A votre avis, quel sera LE jeu dont on se souviendra suite à cette Paris Games Week 2015 ?
Ça c'est la question ultra-piège pour moi, il me semble qu'en plus j'ai mon président à côté. [Rires] Non c'est difficile, là je ne peux vous faire qu'une réponse de gamer. Evidemment, je suis un fan de Star Wars, je vais avoir du mal à dire autre chose que Battlefront personnellement. C'est un jeu que j'attends avec impatience.
Nous avions discuté avec quelques éditeurs il y a plus d'un an, ils nous avaient avoué que, pour eux, le problème était le coût de la Paris Games Week. Est-ce quelque chose sur lequel vous travaillez ? Essayez-vous d'aider les plus petits à venir ?
Evidemment, on parlait de comparer à la Gamescom. La Gamescom est en août, à Cologne ; le maire de Cologne et le président de la Koelnmesse (équivalent du Parc des expositions de la Porte de Versailles) ainsi que de nos équivalents allemands (la Gamescom est organisée comme la Paris Games Week par le syndicat national des jeux vidéo), je pense qu'ils ont des conditions financières qui n'ont rien à voir avec un salon dans Paris, pendant les vacances scolaires et le week-end de la Toussaint... la différence du prix au m² est vraiment sans rapport. Donc c'est un investissement beaucoup plus lourd pour ceux qui sont présents.
On a donc développé pour compenser cela, et notamment vous l'avez dit auprès des petits acteurs, une véritable politique d'invitation. C'est à dire les studios français, les écoles, beaucoup d'associations et de communautés qui sont présents sur la Paris Games Week sont invités. Cela va de la mise à disposition de l'espace, à la dotation de mobiliers, de moyens techniques ou de structures. On essaie le plus possible de les aider pour qu'ils puissent participer au salon même s'il est vrai qu'on ne sera jamais sur la même échelle de prix que la Gamescom. Si vous faites un salon en plein mois d'août en France, je pense que vous serez tranquille et qu'il n'y aura pas grand monde. Donc on travaille beaucoup pour essayer d'offrir de la place à tout le monde, même à ceux qui n'ont pas beaucoup de moyens.
Vous parliez donc d'inviter les petits éditeurs français, est-ce que vous prévoyez éventuellement d'étendre ça à d'autres pays ?
On tourne autour de l'idée d'avoir un pavillon indés européen. On a failli le faire cette année, on n'y est pas arrivé.

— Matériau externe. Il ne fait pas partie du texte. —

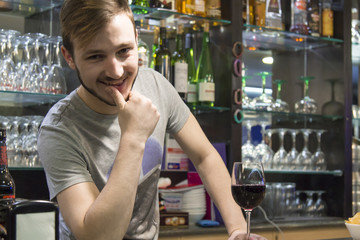 waiter with glass of wine in the pub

On va donc sans doute remettre cela à plat et travailler là dessus pour l'année prochaine effectivement.
Je vais passer maintenant à L'essentiel du jeu vidéo qui est donc sorti juste avant la Paris Games Week, l'étude porte sur les joueurs. Aujourd'hui, un joueur vous le définissez comment concrètement ? Vous dites qu'il y a X% de joueurs, etc. mais pour vous un joueur c'est quoi ?

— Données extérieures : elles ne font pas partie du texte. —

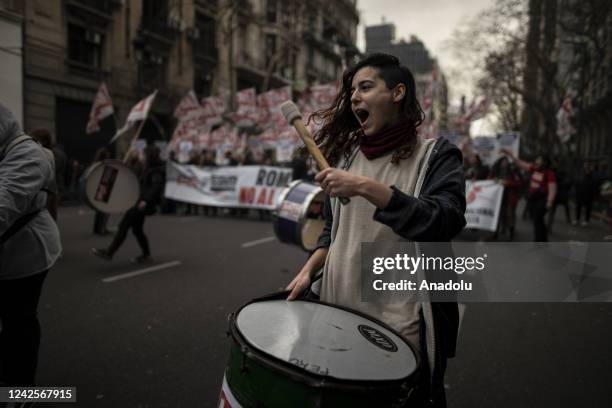 Young woman demonstrates plays the bass drum in the demonstration against economic adjustments in Buenos Aires, Argentina on Aug. 17, 2022. Against...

On va repartir 15 ans en arrière. En 1999 on a fait la même étude et le portrait-robot du joueur français c'était un homme : 90% d'hommes, très jeune (21 ans de moyenne d'âge) et 20% de la population française. On était donc vraiment sur le cliché : les jeux vidéo, c'est pour les jeunes. Aujourd'hui, on est sur une parité hommes/femmes, 35 ans de moyenne d'âge et 50% de la population. Ce que ça veut dire en fait, c'est qu'il n'y a plus de moyens de faire un portrait-robot du joueur puisque ça concerne tout le monde aujourd'hui. Ça concerne aussi bien les hommes que les femmes, avec des tranches d'âge qui vont de 5 ans jusque 55-60 ans : on a vu le succès de la Wii dans les maisons de retraite. Donc aujourd'hui, avoir un portrait-robot du joueur, c'est devenu impossible dans la mesure où aujourd'hui le jeu vidéo ça concerne... tout le monde. A partir de là, il y a autant de diversités qu'il peut y en avoir dans la population française.
Est-ce que vous considérez comme "joueur" quelqu'un qui ne va jouer que quelques fois par an, par rapport à quelqu'un qui va vraiment jouer de façon assidue ?
On a une typologie, on considère un joueur qui joue au moins deux-trois fois par mois, donc une pratique régulière. On exclut la personne qui va ouvrir son solitaire sur son PC une fois par an. C'est une définition qui est assez large, donc après on la restreint. Dans l'étude il y a des catégories : les gens qui jouent tous les jours, les gens qui jouent une ou deux fois par semaine, une ou deux fois par mois.... Il y a donc une certaine typologie mais quand on parle de joueurs au sens large, on est sur des gens qui jouent régulièrement.
Quelles ont été pour vous les plus grosses surprises de cette étude ?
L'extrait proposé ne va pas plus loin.